→ **What is required**:
Transcribe the lines below exactly. No image belongs in the transcription.

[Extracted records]
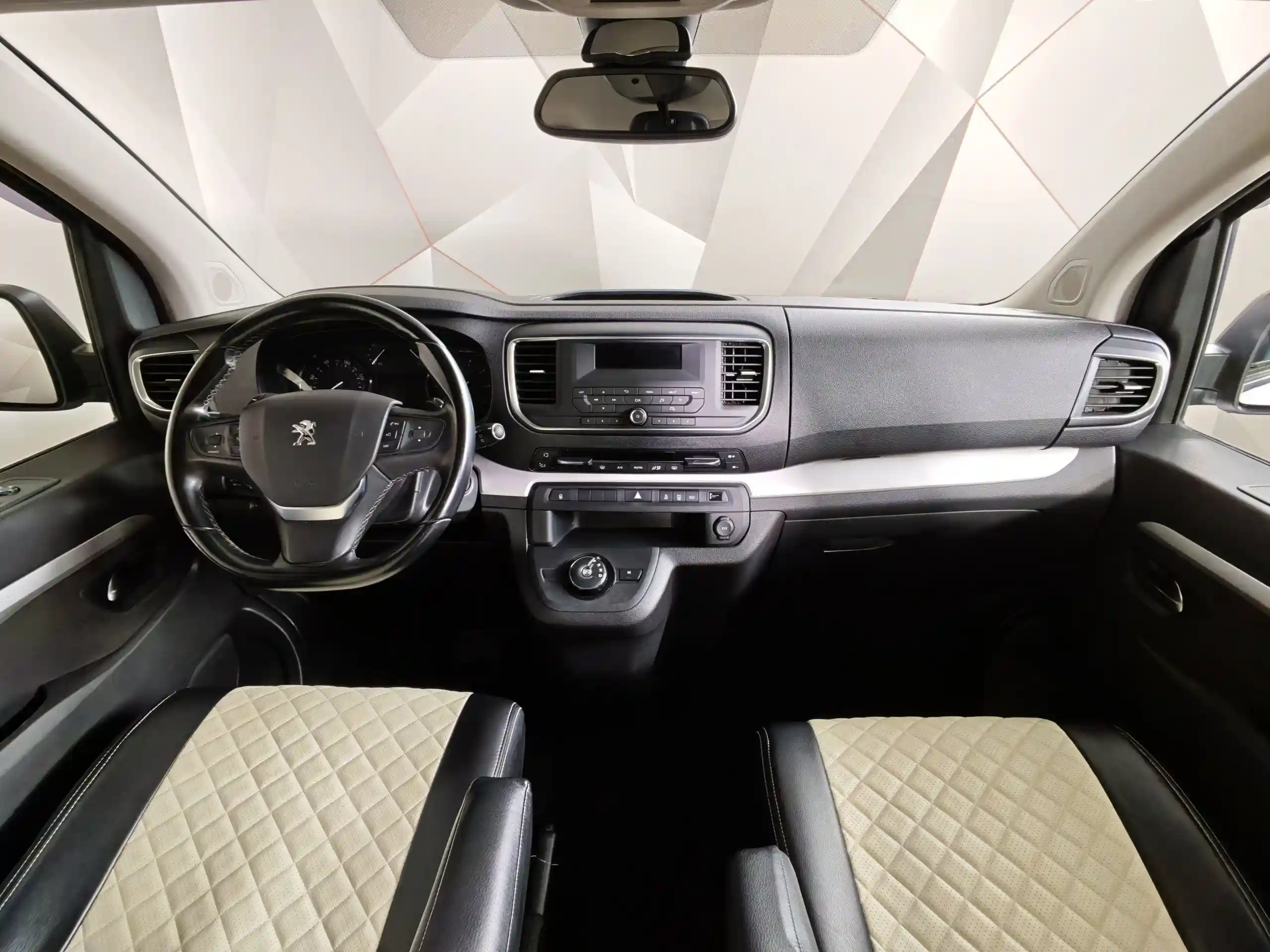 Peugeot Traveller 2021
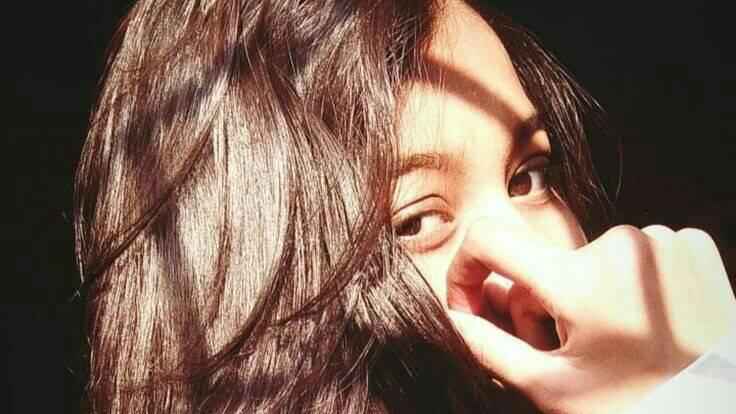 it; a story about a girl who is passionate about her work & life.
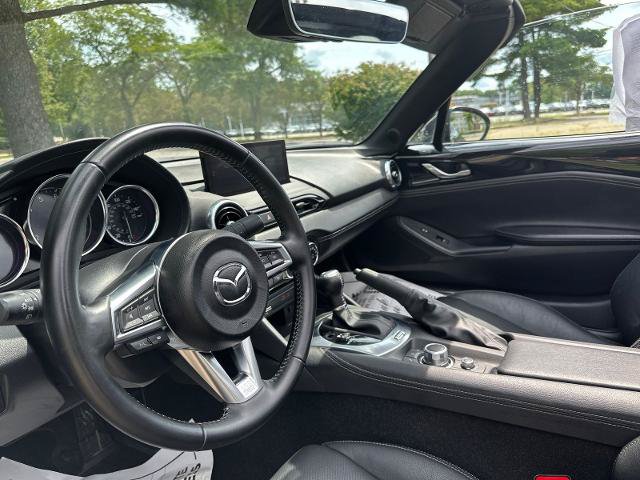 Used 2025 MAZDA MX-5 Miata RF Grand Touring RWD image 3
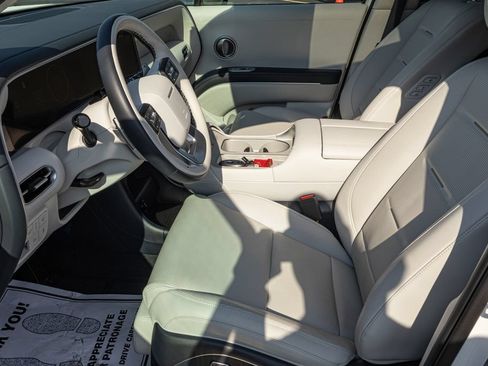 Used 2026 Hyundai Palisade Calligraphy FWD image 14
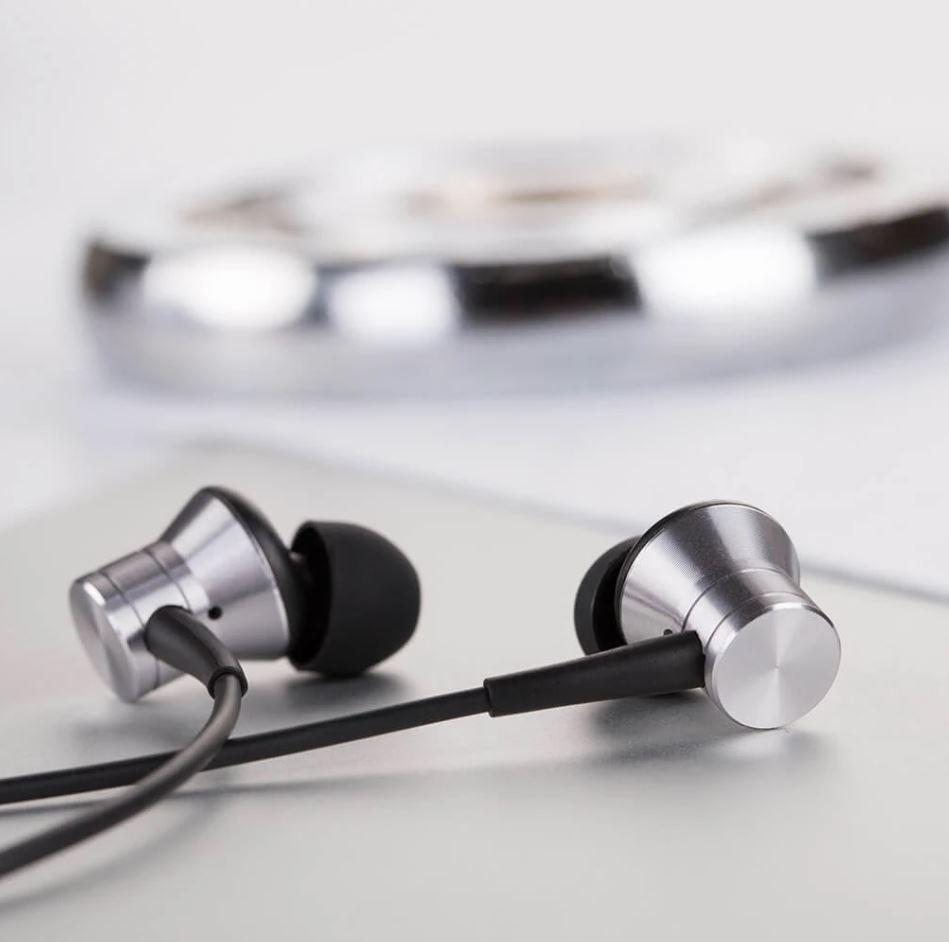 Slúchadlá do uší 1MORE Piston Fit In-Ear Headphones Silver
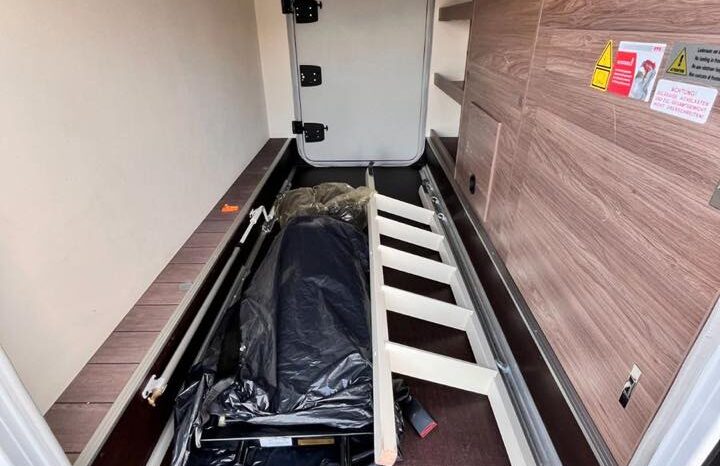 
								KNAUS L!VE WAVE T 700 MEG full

→ **Answer box**:
 Peugeot Traveller 2021
 it; a story about a girl who is passionate about her work & life.
 Used 2025 MAZDA MX-5 Miata RF Grand Touring RWD image 3
 Used 2026 Hyundai Palisade Calligraphy FWD image 14
 Slúchadlá do uší 1MORE Piston Fit In-Ear Headphones Silver
								KNAUS L!VE WAVE T 700 MEG full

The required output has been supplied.